Yes, ideally the same version which you have used for k8s. I've not played with different version myself

weizhouapache commented 4 years ago

weavenet

@shwstppr @ravening this issue seems to be caused by certificate. cloudstack generates self-signed certificate for k8s cluster and verify api server (port 6443) via https (see my comment above). I have tried the following steps which work (1) stop k8s cluster (2) download k8s config on UI (3) use base64 to decode the certificate-authority-data in config (4) save the decoded string in /etc/ssl/certs/k8s.cert (5) start the k8s cluster, it is Running

ravening commented 4 years ago

@weizhouapache but customers cant do all those steps right? Everytime we create a cluster then we need to do all these extra steps which is cumbersome and also customers wont like to do all these things

stack1313 commented 4 years ago

Hi, any update to fix this ? I have the same problem. I tested all prebuilt community Kubernetes ISO version and no success. And impossible to download k8s config when the cluster is not deployed. I have the error "Setup is in progress for Kubernetes cluster ID".

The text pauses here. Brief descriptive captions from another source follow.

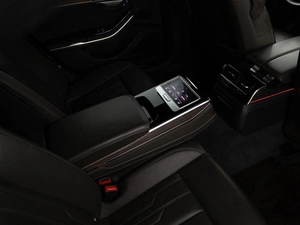 Седан Audi A8 2017 года, 5249999 рублей, Москва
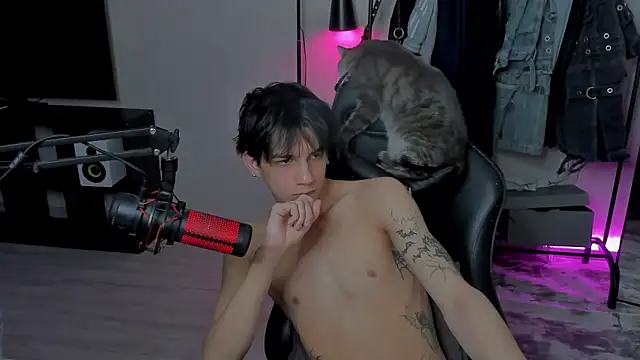 MarkBrowniii online show from February 14, 2:33 pm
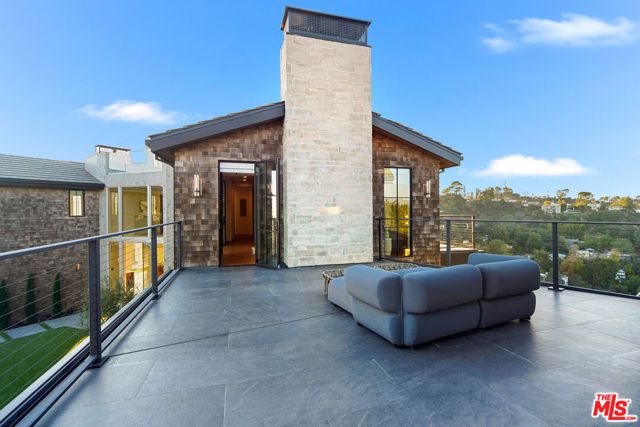 2020 Cyprean Drive, Los Angeles, CA 90046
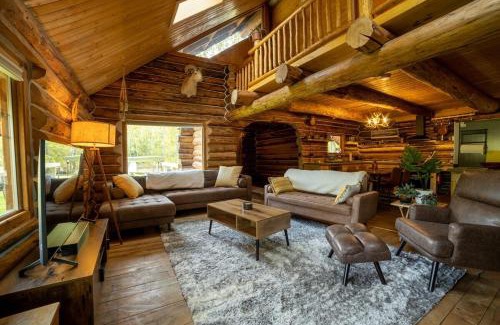 Talkeetna House | The Airstrip
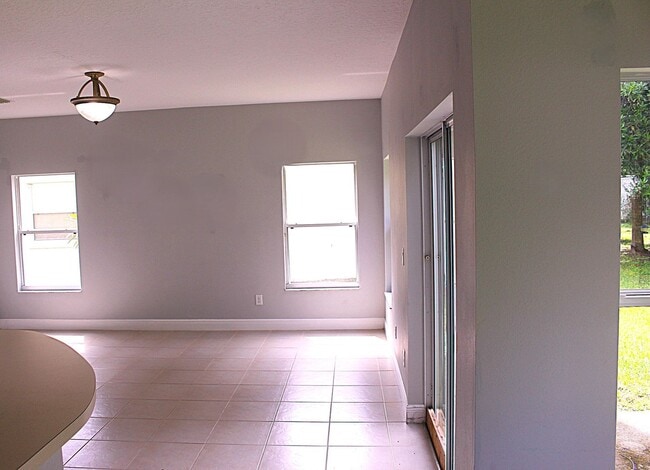 Building Photo - Spacious home in the Woodland Lake Subdivi...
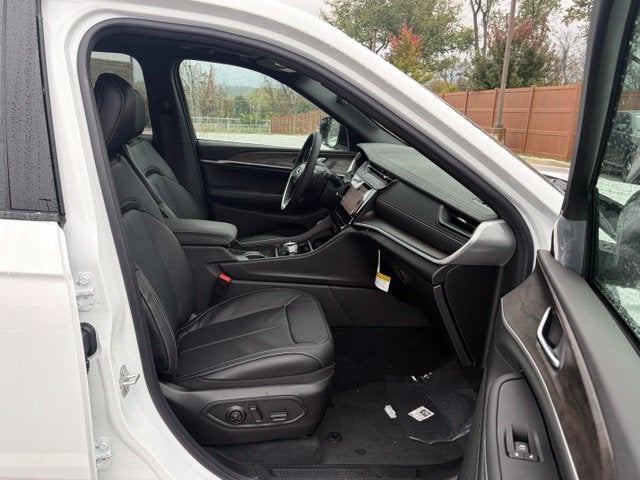 2027 Jeep Grand Cherokee GRAND CHEROKEE LIMITED RESERVE 4X4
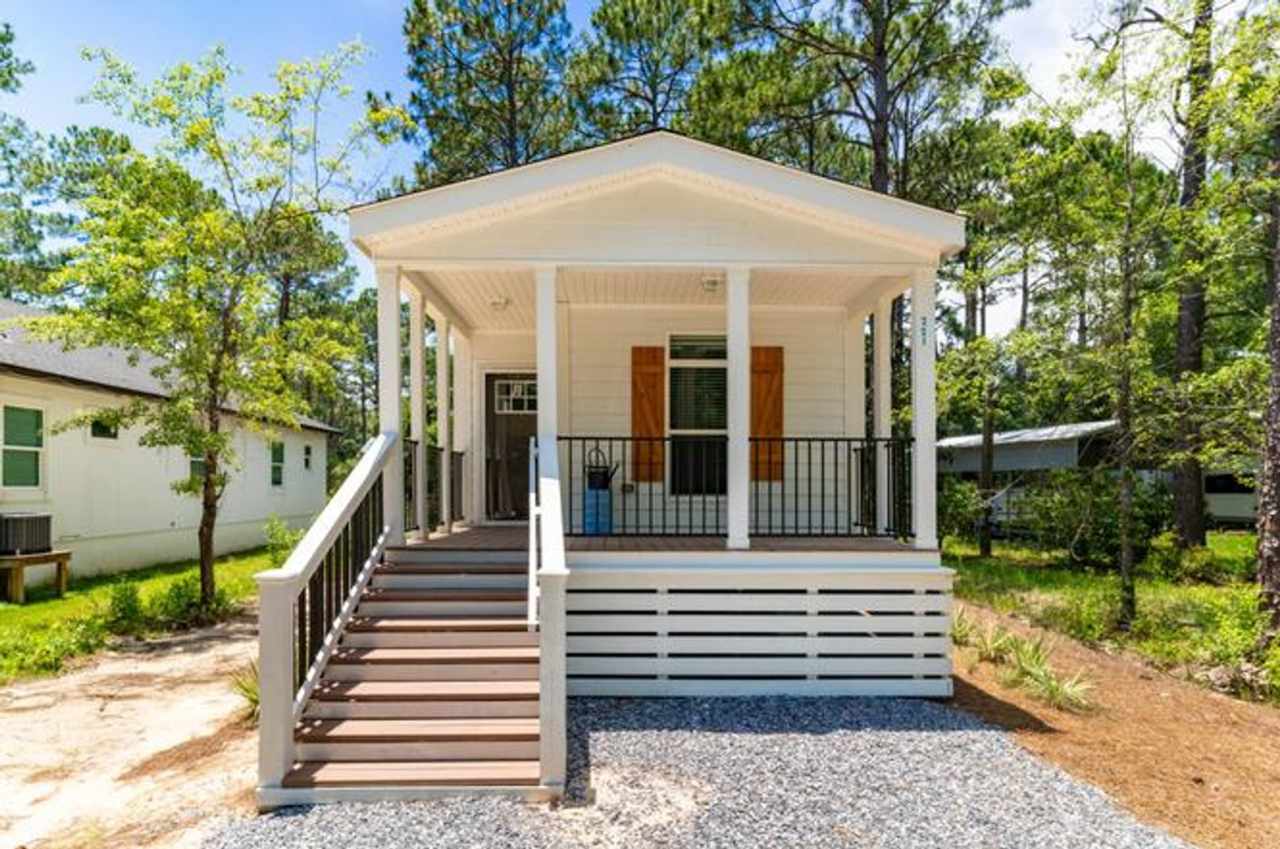 2 Bedroom/ 2 Bath Mobile Home $1950/ Month - Santa Rosa Beach , Florida 32439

PaulAngus commented 4 years ago

@stack1313 where did your coreos template come from?

rohityadavcloud commented 4 years ago

@shwstppr can you triage this? Thanks.

stack1313 commented 4 years ago

Hi,

I think I found the problem on my installation. The issue comes from the networking offering/existing isolated network.

On cluster creation wizard, first time I decided to deploy on an existing isolated network, with this configuration I have the issue. To fix this I created a new network offering with a new isolated network. and after that the deployment work without issue. The problem not happen when you have network empty on wizard because the wizard deploy new isolated network with the default kubernetes network offering.

Maybe the problem comes from the network offering options (like default allow/deny traffic, dhcp, dns.....)

Thanks,

PaulAngus commented 4 years ago

This sounds like it is more of a documentation bug then.

shwstppr commented 4 years ago

@PaulAngus I think the original issue reported here is different from what @stack1313 is reporting. Maybe @ravening can confirm

ravening commented 4 years ago

I will test what stack1313 mentioned and update the result.

crystech commented 4 years ago

Same issue on the error during cluster creation. To complete the cluster creation

  1. Once the nodes are up
  2. curl -k https://public_ip_of_the_node:6443/version
  3. This will trigger download of the Cert and hence allowed ACS to complete the cluster creation since it is able to access the API endpoint now.

New here so are there any fix for current setup at the moment ?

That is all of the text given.